Information shown.
%%
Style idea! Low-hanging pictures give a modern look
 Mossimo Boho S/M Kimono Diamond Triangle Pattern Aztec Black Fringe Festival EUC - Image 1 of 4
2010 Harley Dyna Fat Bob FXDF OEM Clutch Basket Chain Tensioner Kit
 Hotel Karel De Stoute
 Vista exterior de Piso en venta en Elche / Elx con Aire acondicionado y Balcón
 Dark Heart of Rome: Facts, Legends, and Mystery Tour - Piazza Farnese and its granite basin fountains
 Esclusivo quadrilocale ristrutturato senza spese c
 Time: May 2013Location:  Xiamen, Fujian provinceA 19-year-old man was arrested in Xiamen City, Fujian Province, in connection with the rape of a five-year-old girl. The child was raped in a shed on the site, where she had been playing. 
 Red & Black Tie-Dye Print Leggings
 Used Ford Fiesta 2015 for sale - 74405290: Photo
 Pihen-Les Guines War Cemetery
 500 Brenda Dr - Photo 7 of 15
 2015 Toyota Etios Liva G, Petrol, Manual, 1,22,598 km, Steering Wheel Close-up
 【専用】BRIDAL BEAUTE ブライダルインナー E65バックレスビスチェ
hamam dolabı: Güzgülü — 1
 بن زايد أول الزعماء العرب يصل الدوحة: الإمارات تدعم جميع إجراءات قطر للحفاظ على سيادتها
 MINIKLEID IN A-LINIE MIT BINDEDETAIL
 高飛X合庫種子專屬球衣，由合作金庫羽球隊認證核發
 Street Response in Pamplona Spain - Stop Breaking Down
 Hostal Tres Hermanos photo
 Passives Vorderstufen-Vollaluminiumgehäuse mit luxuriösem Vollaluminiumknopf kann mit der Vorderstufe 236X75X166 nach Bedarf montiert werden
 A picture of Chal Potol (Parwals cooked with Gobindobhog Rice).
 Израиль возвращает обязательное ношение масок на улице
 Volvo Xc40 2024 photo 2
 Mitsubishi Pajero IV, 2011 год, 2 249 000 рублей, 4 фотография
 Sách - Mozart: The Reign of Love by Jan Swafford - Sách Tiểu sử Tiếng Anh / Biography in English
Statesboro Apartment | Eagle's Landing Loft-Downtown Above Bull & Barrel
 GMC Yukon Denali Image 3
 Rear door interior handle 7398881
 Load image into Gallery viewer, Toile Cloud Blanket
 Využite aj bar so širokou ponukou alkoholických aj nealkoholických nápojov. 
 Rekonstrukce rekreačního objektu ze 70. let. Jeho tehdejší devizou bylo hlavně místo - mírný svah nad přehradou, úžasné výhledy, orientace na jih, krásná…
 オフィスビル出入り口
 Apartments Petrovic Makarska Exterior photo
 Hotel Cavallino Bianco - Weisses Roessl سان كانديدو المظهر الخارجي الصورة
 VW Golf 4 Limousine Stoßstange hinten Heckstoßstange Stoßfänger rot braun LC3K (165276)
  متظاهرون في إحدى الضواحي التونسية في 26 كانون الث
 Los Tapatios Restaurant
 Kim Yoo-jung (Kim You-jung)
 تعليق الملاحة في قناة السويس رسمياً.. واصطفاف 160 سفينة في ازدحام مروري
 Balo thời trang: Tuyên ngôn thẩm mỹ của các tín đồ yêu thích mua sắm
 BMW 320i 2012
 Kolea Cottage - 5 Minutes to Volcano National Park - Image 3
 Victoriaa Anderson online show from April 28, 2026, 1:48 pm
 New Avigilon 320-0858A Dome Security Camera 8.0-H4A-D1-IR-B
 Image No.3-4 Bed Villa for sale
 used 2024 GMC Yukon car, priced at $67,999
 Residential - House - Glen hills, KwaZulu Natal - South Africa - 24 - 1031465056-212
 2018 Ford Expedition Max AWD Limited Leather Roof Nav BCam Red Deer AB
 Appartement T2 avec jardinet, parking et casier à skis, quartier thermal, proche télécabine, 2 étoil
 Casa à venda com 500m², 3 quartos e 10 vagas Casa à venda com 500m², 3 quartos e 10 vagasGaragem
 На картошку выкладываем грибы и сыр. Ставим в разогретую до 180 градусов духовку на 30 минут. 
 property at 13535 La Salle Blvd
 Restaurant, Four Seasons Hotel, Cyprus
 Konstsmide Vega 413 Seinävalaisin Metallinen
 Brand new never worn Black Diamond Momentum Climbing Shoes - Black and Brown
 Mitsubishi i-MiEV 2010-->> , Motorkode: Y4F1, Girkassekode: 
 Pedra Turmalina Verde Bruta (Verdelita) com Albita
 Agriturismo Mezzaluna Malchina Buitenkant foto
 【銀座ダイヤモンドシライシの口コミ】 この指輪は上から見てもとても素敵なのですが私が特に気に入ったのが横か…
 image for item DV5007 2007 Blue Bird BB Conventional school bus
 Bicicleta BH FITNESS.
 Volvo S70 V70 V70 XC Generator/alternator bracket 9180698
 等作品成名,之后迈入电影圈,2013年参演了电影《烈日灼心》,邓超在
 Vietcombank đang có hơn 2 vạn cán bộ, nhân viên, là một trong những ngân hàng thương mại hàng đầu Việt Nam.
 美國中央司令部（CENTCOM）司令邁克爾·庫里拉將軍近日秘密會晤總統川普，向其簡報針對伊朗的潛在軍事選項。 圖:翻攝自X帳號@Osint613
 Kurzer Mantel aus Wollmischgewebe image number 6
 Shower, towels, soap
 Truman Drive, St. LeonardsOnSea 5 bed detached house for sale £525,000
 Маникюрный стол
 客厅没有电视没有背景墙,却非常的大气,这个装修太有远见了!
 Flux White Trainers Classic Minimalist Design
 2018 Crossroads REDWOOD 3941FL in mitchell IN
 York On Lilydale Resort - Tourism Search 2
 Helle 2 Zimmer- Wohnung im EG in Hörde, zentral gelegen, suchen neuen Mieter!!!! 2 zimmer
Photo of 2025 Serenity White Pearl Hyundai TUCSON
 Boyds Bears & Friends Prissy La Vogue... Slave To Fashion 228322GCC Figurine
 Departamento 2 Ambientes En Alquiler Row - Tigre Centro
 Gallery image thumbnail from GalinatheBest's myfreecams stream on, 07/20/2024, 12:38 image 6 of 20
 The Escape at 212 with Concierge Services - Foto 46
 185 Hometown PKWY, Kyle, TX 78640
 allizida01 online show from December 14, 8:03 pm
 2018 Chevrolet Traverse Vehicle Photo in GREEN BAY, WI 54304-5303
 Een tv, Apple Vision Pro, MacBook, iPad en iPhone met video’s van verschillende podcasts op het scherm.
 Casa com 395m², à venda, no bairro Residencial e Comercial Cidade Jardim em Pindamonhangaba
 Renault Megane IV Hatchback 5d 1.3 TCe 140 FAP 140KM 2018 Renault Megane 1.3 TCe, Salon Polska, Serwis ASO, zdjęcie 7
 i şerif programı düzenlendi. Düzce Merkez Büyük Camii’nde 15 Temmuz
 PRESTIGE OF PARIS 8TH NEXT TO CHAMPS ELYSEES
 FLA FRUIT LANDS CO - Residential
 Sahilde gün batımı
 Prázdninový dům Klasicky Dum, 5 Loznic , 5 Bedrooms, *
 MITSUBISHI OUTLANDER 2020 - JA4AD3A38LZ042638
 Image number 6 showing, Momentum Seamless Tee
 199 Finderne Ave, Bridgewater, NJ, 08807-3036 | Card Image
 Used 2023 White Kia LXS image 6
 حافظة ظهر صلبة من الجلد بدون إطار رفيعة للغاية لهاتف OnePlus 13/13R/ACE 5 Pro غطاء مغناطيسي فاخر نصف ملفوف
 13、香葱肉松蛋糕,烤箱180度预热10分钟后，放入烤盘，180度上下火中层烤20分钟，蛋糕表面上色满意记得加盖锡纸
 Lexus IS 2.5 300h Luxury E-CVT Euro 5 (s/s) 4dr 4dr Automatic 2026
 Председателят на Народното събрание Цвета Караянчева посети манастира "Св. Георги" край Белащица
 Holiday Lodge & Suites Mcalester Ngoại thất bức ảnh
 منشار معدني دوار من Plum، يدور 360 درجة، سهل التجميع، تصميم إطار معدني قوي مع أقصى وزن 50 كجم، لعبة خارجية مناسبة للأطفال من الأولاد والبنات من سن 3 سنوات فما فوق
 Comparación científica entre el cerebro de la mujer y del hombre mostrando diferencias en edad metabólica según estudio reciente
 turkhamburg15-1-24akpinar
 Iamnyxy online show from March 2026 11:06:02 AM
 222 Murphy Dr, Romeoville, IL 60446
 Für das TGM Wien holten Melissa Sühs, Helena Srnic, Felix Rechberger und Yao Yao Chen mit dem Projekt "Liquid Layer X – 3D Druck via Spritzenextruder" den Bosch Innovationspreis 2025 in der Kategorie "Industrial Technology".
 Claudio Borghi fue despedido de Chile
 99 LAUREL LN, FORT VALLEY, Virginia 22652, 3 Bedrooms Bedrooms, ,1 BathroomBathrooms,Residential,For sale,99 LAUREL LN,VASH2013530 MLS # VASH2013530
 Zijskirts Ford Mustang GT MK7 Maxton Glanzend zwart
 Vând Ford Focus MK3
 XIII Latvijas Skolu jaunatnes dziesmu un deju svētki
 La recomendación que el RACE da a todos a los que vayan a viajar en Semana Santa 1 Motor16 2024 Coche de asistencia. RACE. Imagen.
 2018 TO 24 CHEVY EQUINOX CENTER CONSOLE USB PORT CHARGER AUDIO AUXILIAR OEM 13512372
%%
Task brief. The lines to extract from the data above begin with the line containing "BMW 320i 2012" and end with the line containing "2018 Ford Expedition". Extract them exactly, including both.

Expected output.
 BMW 320i 2012
 Kolea Cottage - 5 Minutes to Volcano National Park - Image 3
 Victoriaa Anderson online show from April 28, 2026, 1:48 pm
 New Avigilon 320-0858A Dome Security Camera 8.0-H4A-D1-IR-B
 Image No.3-4 Bed Villa for sale
 used 2024 GMC Yukon car, priced at $67,999
 Residential - House - Glen hills, KwaZulu Natal - South Africa - 24 - 1031465056-212
 2018 Ford Expedition Max AWD Limited Leather Roof Nav BCam Red Deer AB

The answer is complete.